Let’s design a distributed file system. Companies like Facebook and Google don’t use centralized storage, instead they have lots of computers each with commodity disks, and if one fails, they can continue serving requests without losing data. They have an API that makes the disks look like a single block device with a single, unified address space.
So let’s say the team comes to you with this design:def write(int address, byte data): Store the data on the computer where the write takes place. def read(int address): Lookup the address on the computer where the read was issued. If we find it, return the data. Otherwise, broadcast a message to all computers, "please send me the data for this address". If any computer has it, return that data. If no computers have it, return "not found."

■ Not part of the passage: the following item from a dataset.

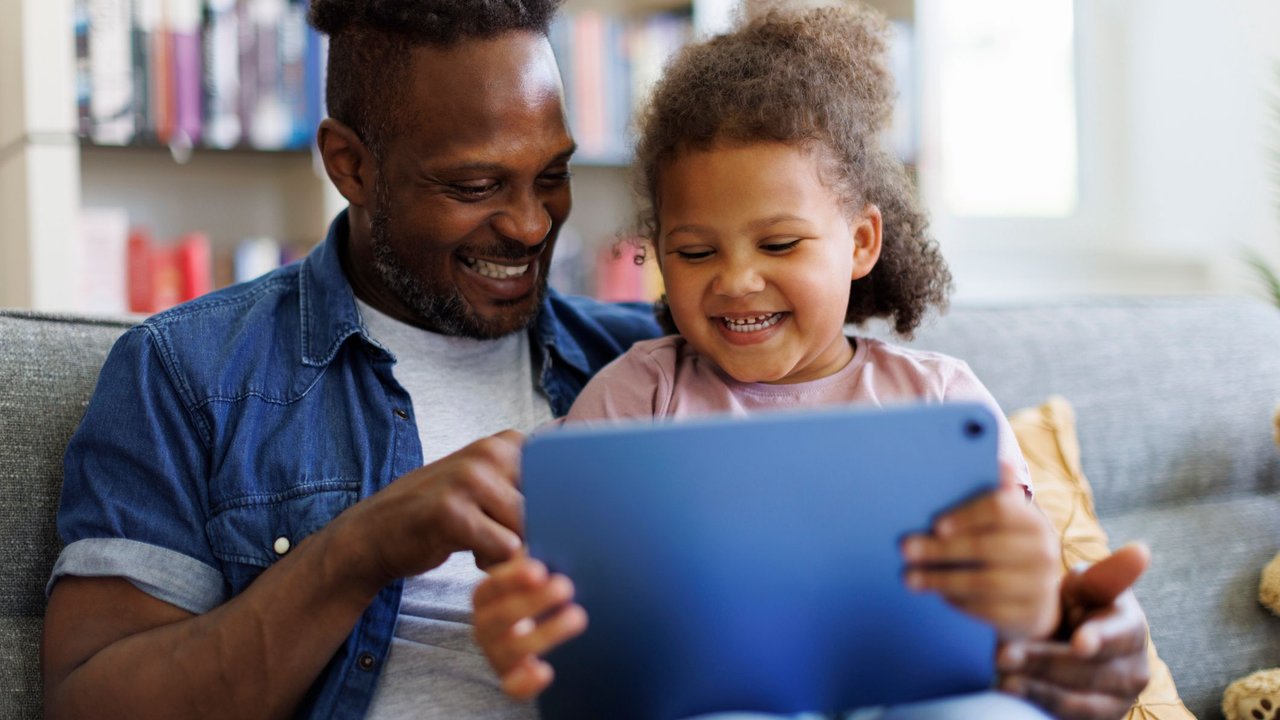 Father and daughter are having fun on a tablet at home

I then draw a diagram with four computers, and work through an example where one of the computers writes a block, then another computer reads it.
It’s interesting to see what people list as pros and cons. Many talk about the high cost of broadcasting to all nodes. Few catch the potential data inconsistency. The simplicity is a pro, but lack of redundancy is a con.
When they point out that there’s no redundancy, I suggest writing to two machines independently. If both succeed, then we return “success,” otherwise, we return “fail.” Can they spot the problems? Can they point out pros like that disks will be fill up evenly, or will they focus only on cons?
I find that asking people to critique designs gives me a better idea of how they understand a system. Do they just throw around buzz words and boxes, or can they think through the details? Do they have a sense for where race conditions might hide? (Hint: multiple computers touching the same data; things finishing in a non-intuitive order; nodes failing.) Can they actually work through those examples to find the problem? Can they understand that every design has pluses and minuses, or only focus on the parts they don’t like?
And I can also use it as a background for asking: Do you facilitate discussions and encourage team members to come up with their ideas? Or do you see generating designs and architectures as your job alone?